The laughter didn’t last, and I took on what I thought was a broader world view. But I was brought back to Zionism by a strange influence: Rabbi Meir Kahane, the founder of the Jewish Defense League, a friend of Samuel Shrage’s and an alleged racist.
This happened in 1971. Terry Noble, who had lost a leg on a kibbutz in Israel and was now said to be Bob Dylan’s Hebrew teacher, persuaded ABC to let him make a pilot tape for a radio talk show. It never aired. But Terry assembled a formidable panel: Kahane, the Arab spokesman Dr. Muhammad Medhi, a couple of other people on both sides and the Yippies Abbie Hoffman and Paul Krassner. Bob Dylan spent the evening listening in a corner control booth.
It started with Kahane, a man who rivaled anyone in the studio, including Dylan himself, in charisma. “What we have here with our group is a very strange concept: To bring back the old Jew,” he said. “The old Jew is that Jew who lives again in Israel, who fought for it, defended it, lost it, won it, and wanted it back again.”
Dr. Medhi promptly countered.
“We believe that American policy towards the middle-east has been morally wrong and politically detrimental to the interests of the United States, to the Arabs, to the interests of the Jewish people, to the interests of international peace,” he said. “Our concern really is not with the Arabs. The Arabs are at best, a small portion of this beautiful human race. Our concern is really with the human being.”

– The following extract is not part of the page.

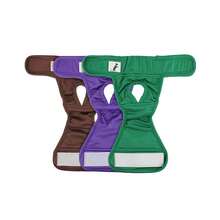 狗狗經期生理褲,防水防騷擾功能,可水洗寵物尿布 - 紫色 - 查看 7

“I’ve followed you for about seven years, and I’ve always felt that you’re an extremely clever man,” Kahane broke in. “You know exactly what issues to press at the proper time.. When you first began, there was no hint of this sudden love for all people. Dr. Medhi, you’re first and foremost for the Arabs. And you’re using humanism to hopefully catch all our young Jewish friends. And that is dishonest.”
One of those young Jewish friends, Abbie Hoffman, seemed amused by Kahane despite their political differences, and Kahane appeared to aim some of his remarks at him.
“It’s about time that young Jews who march for every miserable cause in the whole world, who bleed for Mozambique and Angola, Biafra, Vietnam and Antarctica and Angela Davis—that’s beautiful,” Kahane said, “But we’d like to see them put in a day, just a day a year, bleeding for something Jewish, too.”
Abbie would later joke, “He implied that to stick up for Angela Davis is bleeding-heartism which I always associated with Hadassah because of my background.” But Abbie had a serious answer, too.
“Within the Jewish tradition, and I certainly consider myself Jewish, there’s a history of identification with the oppressed that the rabbi sort of passes on in one broad sweep,” he said. “You can’t have it both ways. You can’t say that we are American Jews and we are a minority and the victims of oppression and on the other hand identify wholeheartedly with that oppressor, the United States, with its imperialist policies around the world.”
Abbie moved on to the “drawing-room intellectualization” of Zionism in the early 20th Century. “To talk about Zionism. I think that on paper it was a good idea,” he said. “From Herzl and Chaim Weizmann right up to Moshe Dayan, the problem is that in recognizing this Jewish state would be in Palestine, they overlooked one problem—mainly, that there were people already living there. When Ben Gurian and Moshe Dayan and Golda Meir from Milwaukee stand up in Israel and say there will be tens of millions coming, if you are an Arab sitting there, you get a goddamned gun.”
I knew Abbie slightly, and thought of him as a lovable rogue. I was surprised he knew all that history, but he admitted later that he had boned up on it the night before.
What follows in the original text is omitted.